Your Agent's Bottleneck Isn't the Model. It's the Context.

Your AI coding agent doesn’t have a model problem. It has a context problem.

It greps through your codebase file by file, burning hundreds of thousands of tokens to answer a question that a structured index could resolve in a few hundred. It hallucinates API methods that don’t exist, references deprecated parameters, and builds suboptimal implementations — because it’s working from training data, not from actual source code. And this isn’t limited to external libraries. Even for general implementation patterns — how to structure error handling, which algorithm to reach for, how to design a module boundary — the agent defaults to whatever it learned during training, which may not be the best or most current approach.

Better models won’t fix this. A model with a larger context window still wastes tokens if the retrieval mechanism is “read every file and hope.” A model trained on more data still hallucinates when the library it needs shipped a breaking change six months after the training cutoff.

The fix is infrastructure.
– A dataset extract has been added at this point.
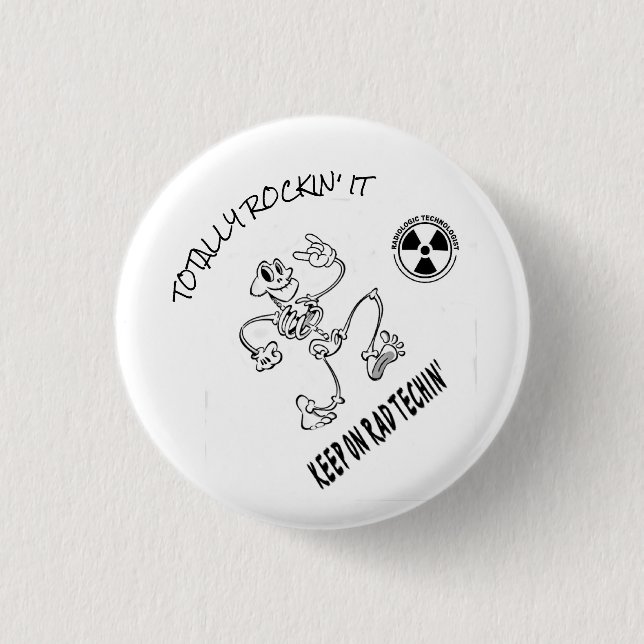 Behålla på Rad Techin Knapp (Framsida)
And in early 2026, a new class of tools is emerging to build it.

Key Takeaways

• Model quality does not solve context quality. Bigger context windows and stronger models still fail when retrieval is brute-force file reading or stale training data.
• Internal and external context failures produce the same outcome: bad code. Poor codebase understanding and outdated library knowledge both degrade research, planning, and implementation quality.
• Structured indexing can reduce token burn by orders of magnitude. AST-aware and semantic indexing approaches consistently outperform file-by-file grep workflows for the same information needs.
• Retrieval execution is becoming its own layer. Search can run as a dedicated subagent (for example, WarpGrep) backed by fast primitives such as ripgrep instead of bloating the parent agent’s context.
• Fresh, grounded external context beats memory. Tools like Context Hub and Better Context improve reliability by grounding generation in current docs or source code instead of model recall.
• Context infrastructure is now a first-class engineering investment. Teams getting the best agent output are optimizing research and context pipelines, not just swapping to newer models.
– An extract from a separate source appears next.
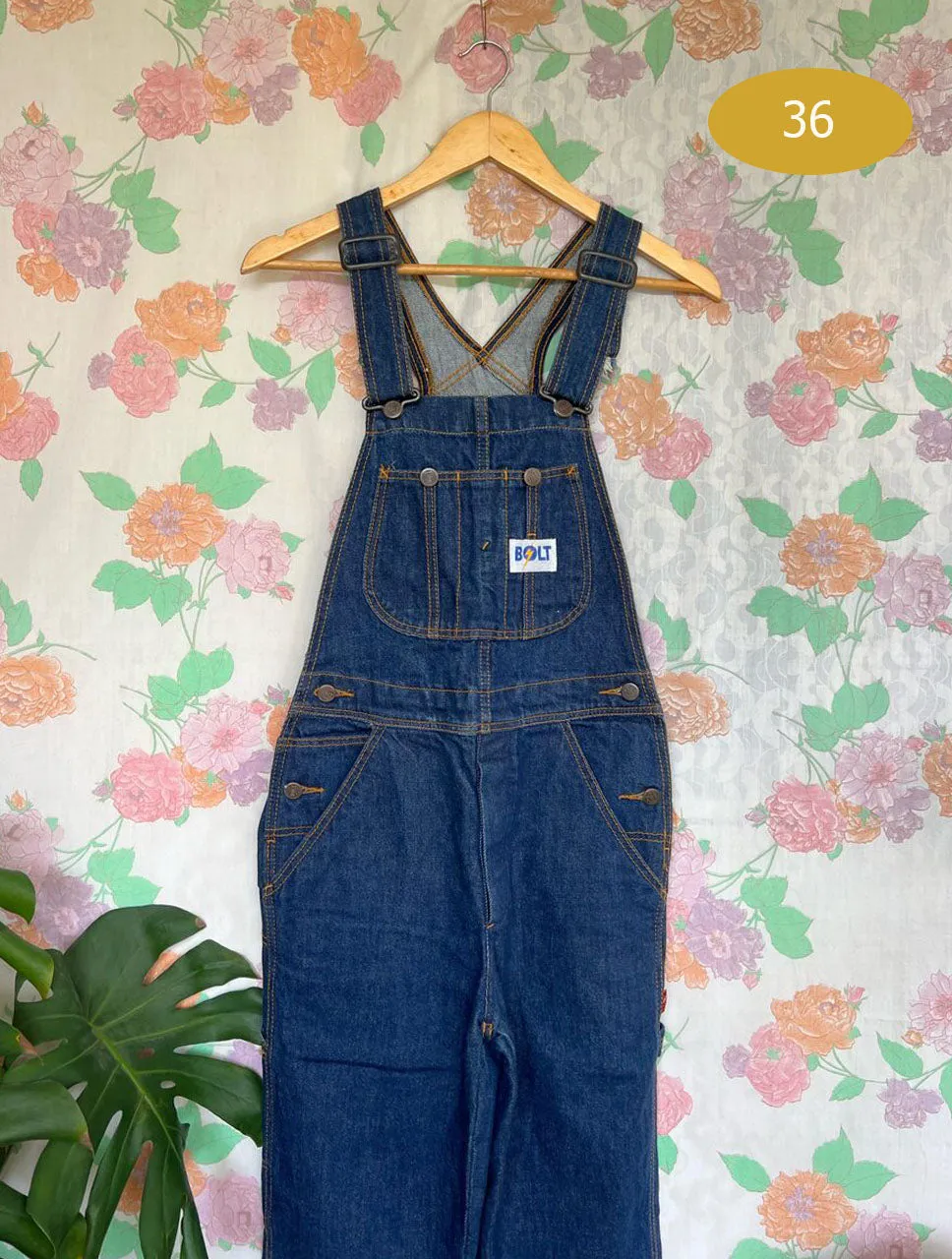 90's Deadstock Bolt Denim Overall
Two Gaps, Same Failure Mode

Agents face two distinct context problems that produce the same downstream result: bad code.

Internal context: the agent doesn’t understand your codebase cost-effectively. It explores by reading files sequentially, summarizing what it finds, and passing results back. This works, but it’s wildly inefficient. A question about your project’s authentication flow might require the agent to read dozens of files before it pieces together the answer.

External context and implementation patterns: the agent doesn’t have access to accurate, current documentation for the libraries and APIs it uses — and more broadly, it relies on training data for general implementation decisions. It falls back on patterns it learned during training, which may be months or years stale. For libraries, the result is code that calls methods that no longer exist, passes parameters in the wrong order, or misses entirely that a simpler, better-supported approach was added in the latest release. For implementation patterns more generally, the agent may reach for a suboptimal algorithm, structure code in ways that don’t match current best practices, or miss idioms that the ecosystem has converged on since the training cutoff.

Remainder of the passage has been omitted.